The technology company which started off with personal computers and printers, has had difficult times advancing with the evolving market when focus shifted to cloud computing and mobile devices. HP has failed to adopt the changing trends and has been struggling with the launch and increasing popularity of Smartphone. The company has however been working with Dr. Dre’s Beats Electronics since 2011, developing and selling new audio products.
Beats And iTunes
Apple has recently announced its plan to acquire Beats Electronics and Beats Music, which the iPhone manufacturer expects to complete the $3 billion acquisition by the end of 2014. HP will, however, still continue to sell its products until next year. Hewlett-Packard Company (NYSE:HPQ) also enjoys the rights to continue developing new products with the American producer for the rest of 2014. In fact, the company has announced launching a new lineup of products which will be infused aggressively with Beats Audio experience. HP aims to launch this new series of products by the end of 2014.

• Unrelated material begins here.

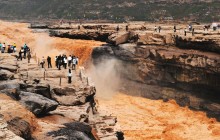 Private One Day Xian Side Tour to Hukou Waterfall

While HP will have to get busy with brain storming new ways of luring customers and offering them new technology and features with its PCs until 2015, Beats will by the time be integrated with Apple’s line of products. The entire team of Beats, including its co-founders, Dr. Dre and Jimmy Iovine, will supposedly be serving under Eddy Cue, Apple’s iTunes’ chief.
Difficult Times
Hewlett-Packard Company (NYSE:HPQ) is anticipated to face difficult times with this advancement as it is to miss its opportunity with Beats products which were integrated with the as many as 20% of the company’s personal computers. It has also been experiencing declining revenues and had recently revealed that it seeks to lay off as many as 50,000 employees.